“¿Cómo se nombra a la persona que soy? A la que desentierra vivos y los extrae de la tumba de la indiferencia”.
Esta pregunta está inscrita en un cartel diminuto que rola en el teatro. Mi respuesta ante esta pregunta es que a esa persona se le nombra Aura.
Aura es actriz, pero antes es un ser humano en busca de su identidad. Y también ante esa pregunta que constantemente me hago: ¿para qué sirve el arte? Hoy me respondo: para encontrarse con uno mismo, para aceptarse y hacer más fácil el camino del seguir viviendo.
Esto lo concluyo durante el desarrollo de El rostro de la ausencia, trabajo escénico unipersonal que dirige Irasema Serrano y donde Aura Mascareño le da vida a Aura Mascareño.
Desde que se abre el Teatro, en este caso el Emiliana de Zubeldía de la Universidad de Sonora, los espectadores encontramos la obra en curso. Tercera llamada se da desde antes de entrar. Una ruptura a los convencionalismos, el intento del decir desde otra perspectiva.

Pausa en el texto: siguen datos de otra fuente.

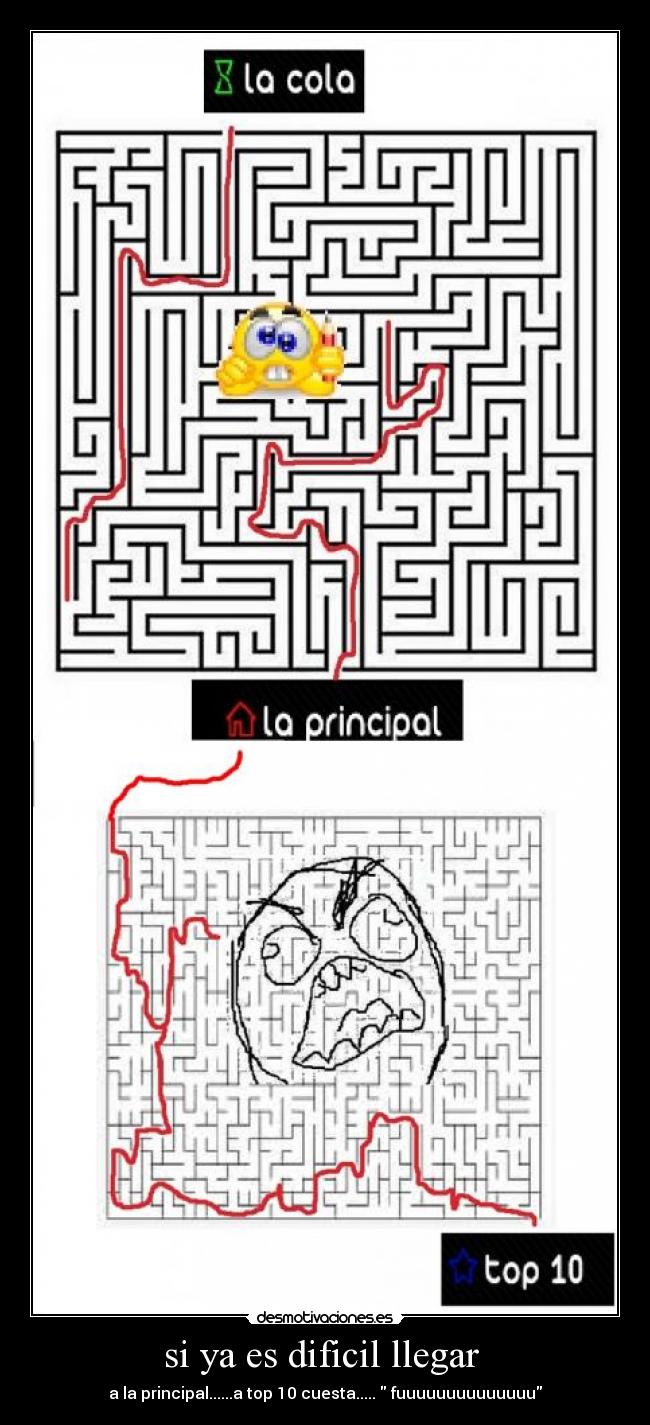 si ya es dificil llegar  - a la principal......a top 10 cuesta.....  fuuuuuuuuuuuuuu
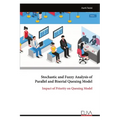 Stochastic and Fuzzy Analysis of Parallel and Biserial Queuing Model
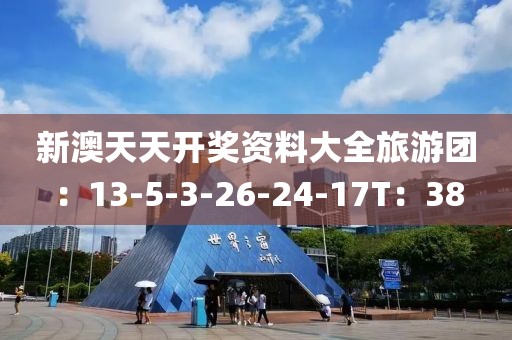 新澳天天开奖资料大全旅游团：13-5-3-26-24-17T：38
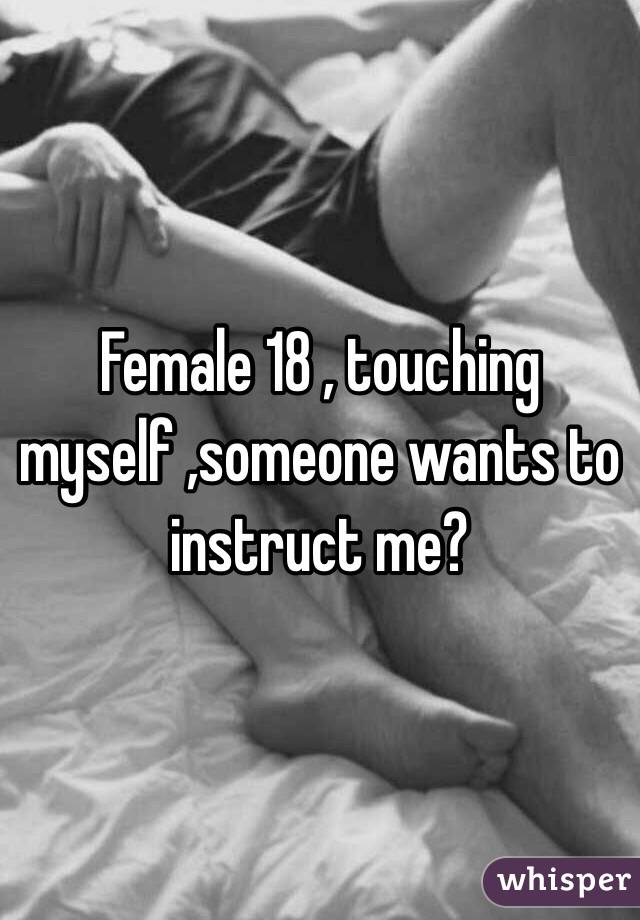 Female 18 , touching myself ,someone wants to instruct me?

Hay un rugir desde el vientre. El estallido de la rabia. Un sonido gutural que es un lamento. Hay la escenografía minimalista, apenas una silla azul, una lámpara que es una bolsa con agua.
Aura se sostiene -me lo confesó unos días antes del estreno- del teatro. Le hace permanecer en la vida.
Y es en el teatro, en el cual tiene muchos años de estudio, investigación, puestas en escena, donde explora su interior. Ese interior que de pronto se convierte en el nuestro, o en el mío, y de pronto hay también un rugido desde mi interior que me permite mutar el nombre Carlos hasta convertirlo en Aura.
Porque las historias de los otros se nos parecen, porque la ausencia también se concreta al mismo rostro que tiene nombre y se llama padre. Padre ausente, distante, desafanado, la crueldad de la negación.
A muchos de los que habitamos la desolación, el móvil de tal es la indiferencia, el desasosiego viene desde la infancia, desde los ojos niños que no miran las manos que deberían de tomar las nuestras como una guía.
Crecer en orfandad, mirar a los sustitutos, abrazarlos con amor sin que esto signifique que se ha resuelto la ausencia de ese vato que te heredó el gen una noche de pasión o deseo. Es la constante mientras dentro, allá en la mente, la emoción, un sonido permea por la distancia y todo eso que uno no alcanza a comprender.
Somos búsqueda porque nacimos instinto. Permanecemos en la vida intentando quitar el velo que nos nebuliza la mirada. De pronto un día Aura toma la realidad en sus manos, se vuelca al hallazgo y tiene como resultado la exposición de la crueldad. La crueldad como una postergación.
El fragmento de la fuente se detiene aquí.